I also remember telling my mother once that she was amazing because she never, ever, even once complained about her aches and pains. And she said, "What aches and pains, Jane? So I was wondering about that, too. Does the average person have minor aches and pains?

Thanks for your take.

Jane
Posted 8/8/2014 10:48 AM (GMT 0)
I think if you have a long-held Lyme infection you put up with a lot that the average person simply doesn't experience. Or if they do, it isn't for as long or as often.

Also if you have symptoms rotating through you tend to become more conscious of them and try to "map" how often they occur and how often. I even remember things that my friends and family members go through that they forget altogether.

I was fooled by all the advertisements for medicines into thinking that everyone has the same kind of cluster of ailments that I was experiencing before treatment with Lyme. But most people do not feel that badly!
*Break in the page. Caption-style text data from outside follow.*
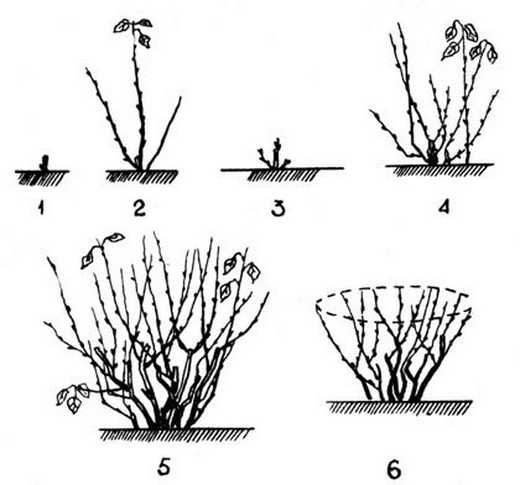 Как обрезать чубушник (садовый жасмин) после цветения
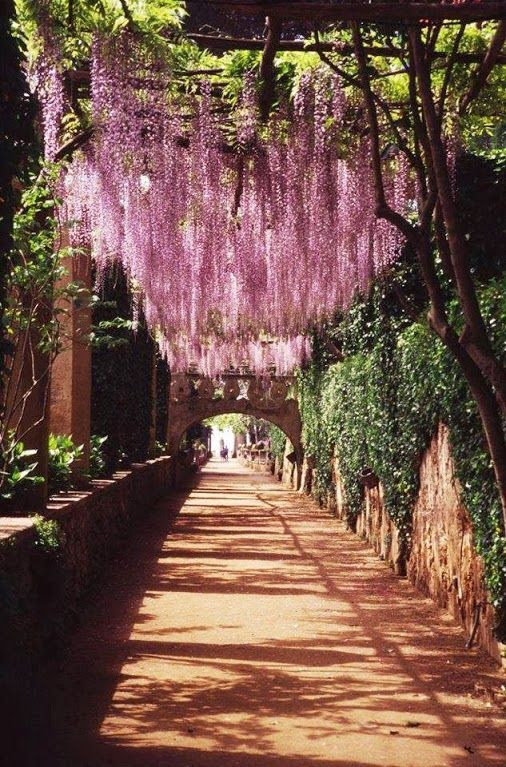 Ravello, Italy, province of Salerno Campania   Amalfi Coast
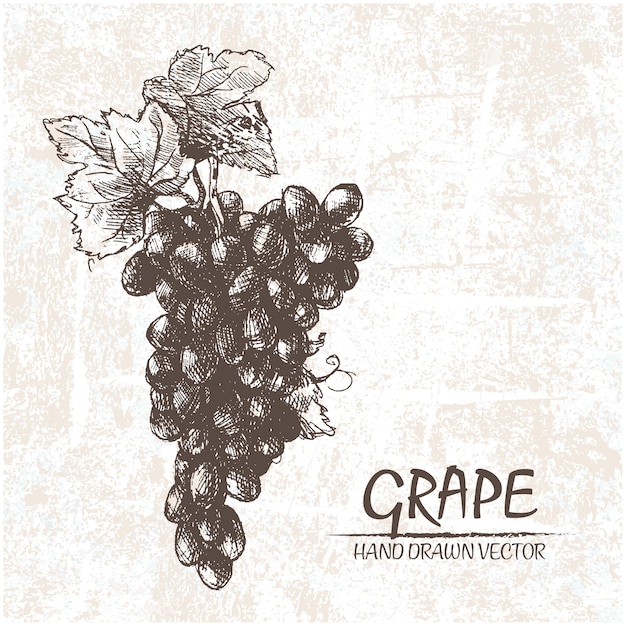 Free vector hand drawn grapes design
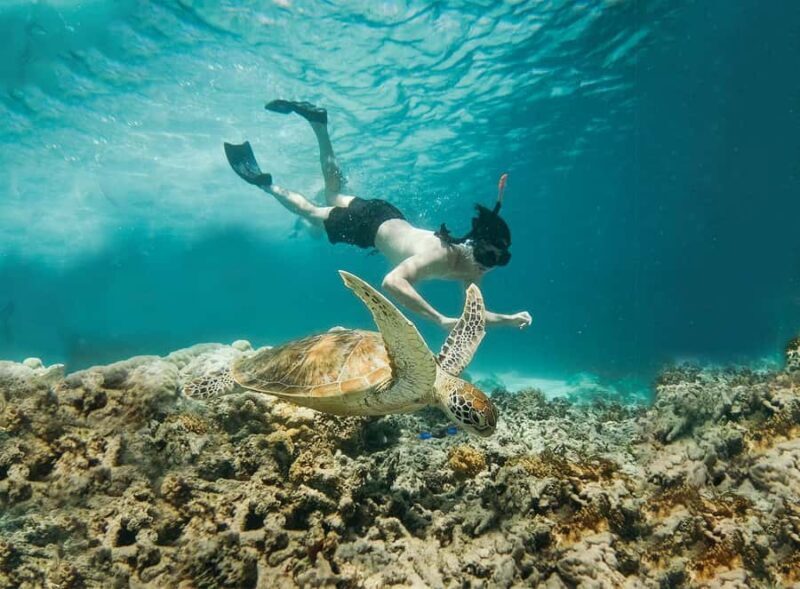 From Bali: 2D1N Gili Island Private Snorkel Boat with Hotel - Who Should Consider This Tour?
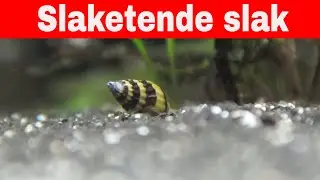 Anentome Helenaslak/slaketende slak IN DE SPOTLIGHT!
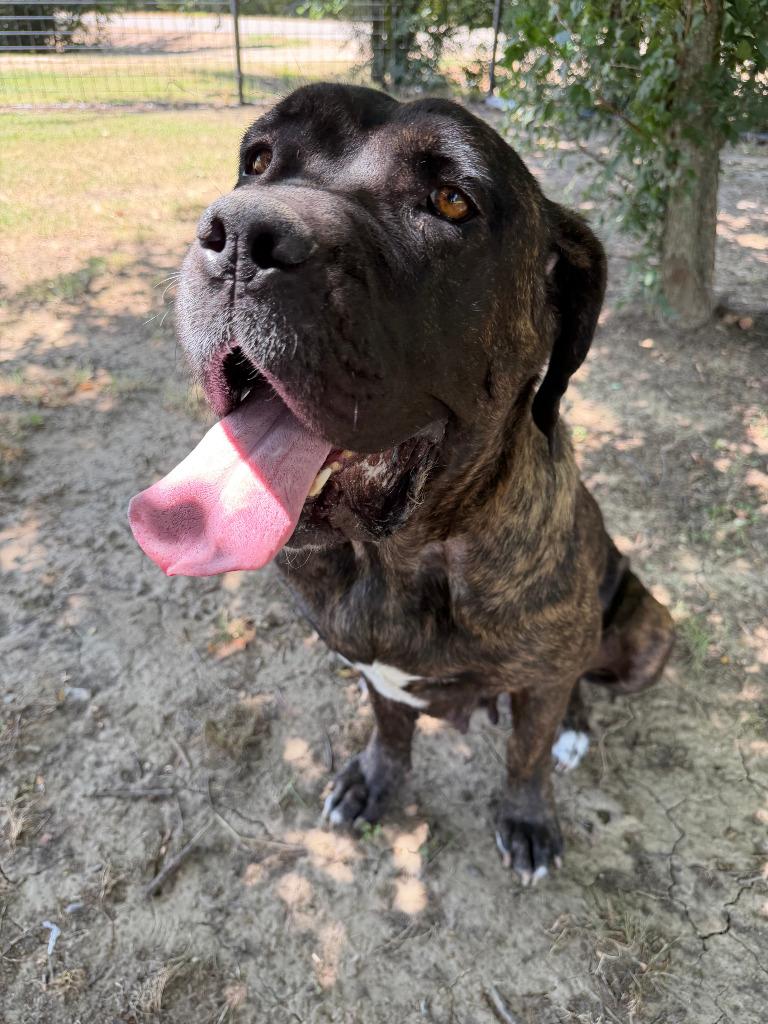 Enlarge Nala, a Adoptable Mastiff in Farmersville, TX image 2/3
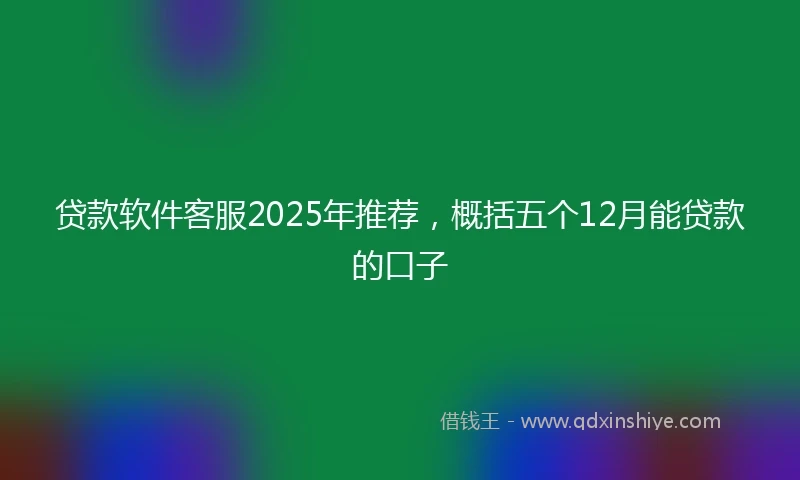 贷款软件客服2025年推荐，概括五个12月能贷款的口子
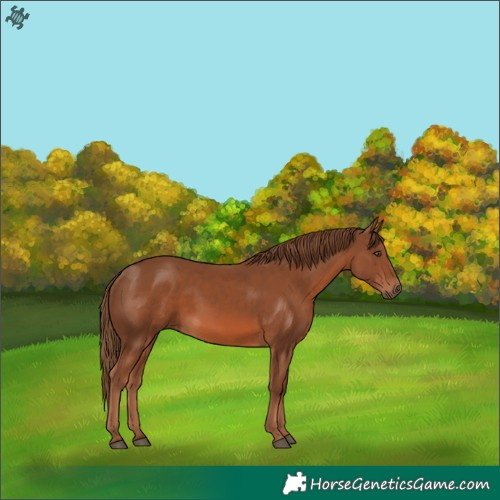 Horse Color:Chestnut 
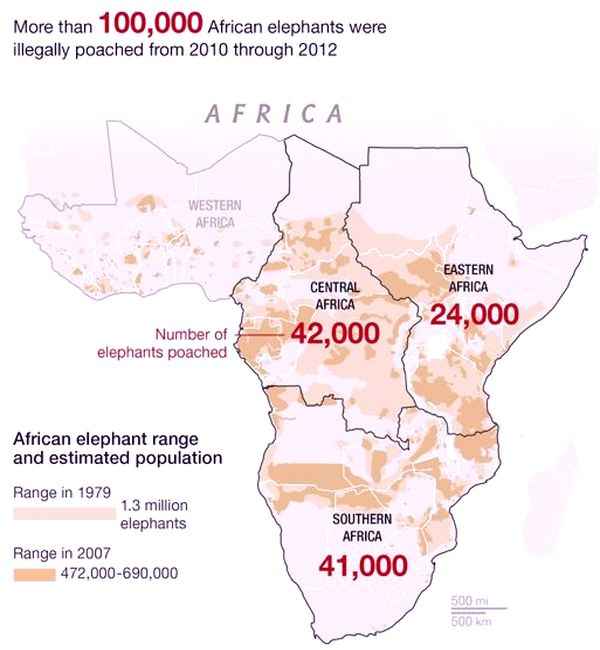 Сокращение численности слонов в Африке с 1979 по 2007 год из-за браконьерства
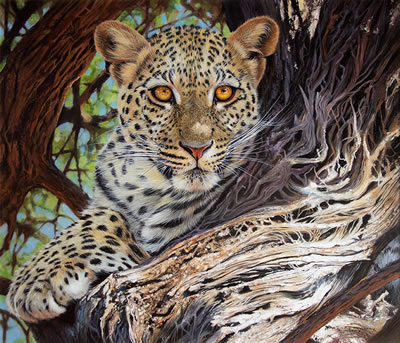 Leopard Hideout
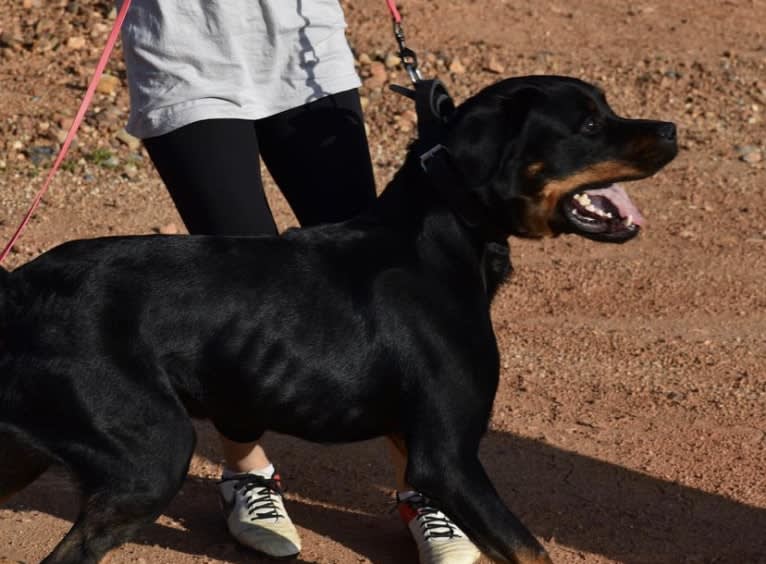 Wüstenhaus Samson, a Rottweiler tested with EmbarkVet.com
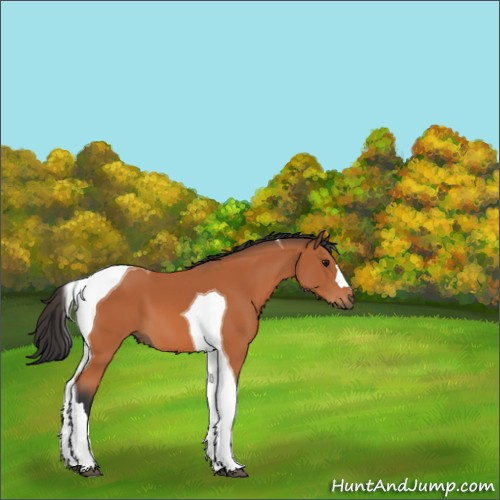 Horse Color:Bay Tobiano 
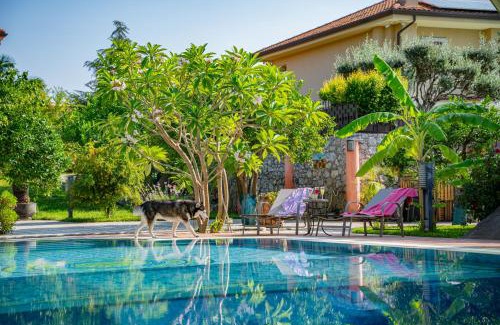 Trappitello Villa | Villa Rita Taormina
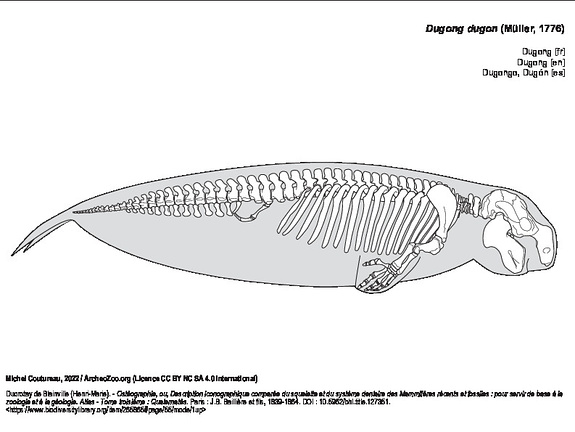 Dugong (6364 visites) Ducrotay de Blainville (Henri-Marie). - Ostéographie, ou, Description iconographique comparée du s... Dugong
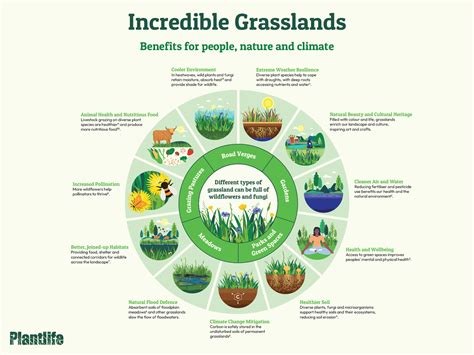 Incredible Grasslands - Plantlife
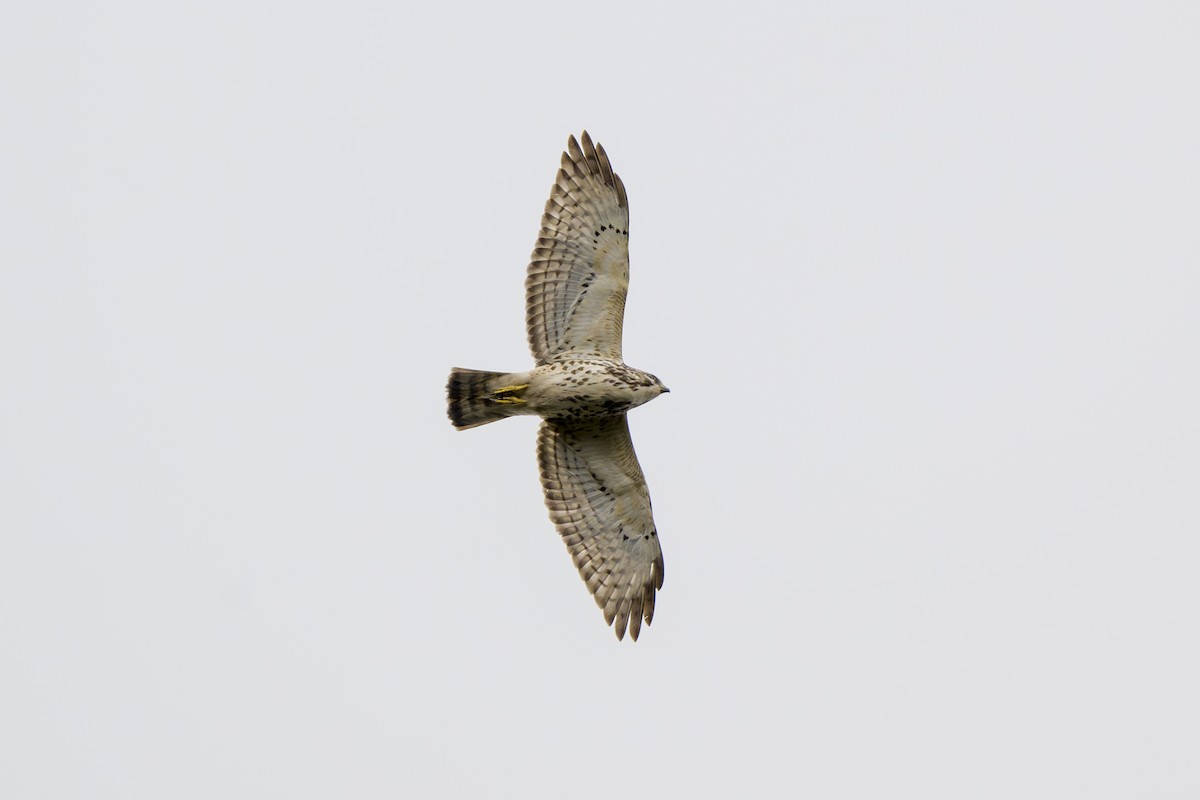 Broad-winged Hawk - ML646874182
As for brain fog, women are more likely to experience it than men because of the hormone shifts we go through. It also depends on how good your body is at getting rid of toxins. They have determined that that can vary according to your genetics.

Hope you are feeling good these days.
Posted 8/8/2014 11:56 AM (GMT 0)
Part of the reason why we say "You don't get it until you get it" - A person doesn't understand unless they too have been infected with these bacteria.

People can't understand what we go through because they have not ever or only rarely experience the same things. They rarely live with the same things, although others with chronic illnesses can understand better since they live with their own set of symptoms.
Posted 8/9/2014 3:08 AM (GMT 0)
Thanks, both, for your responses.
Posted 8/9/2014 5:13 AM (GMT 0)
I thought so. My mother talked about brain fog for years before she came down with ALS. She did have ALS though.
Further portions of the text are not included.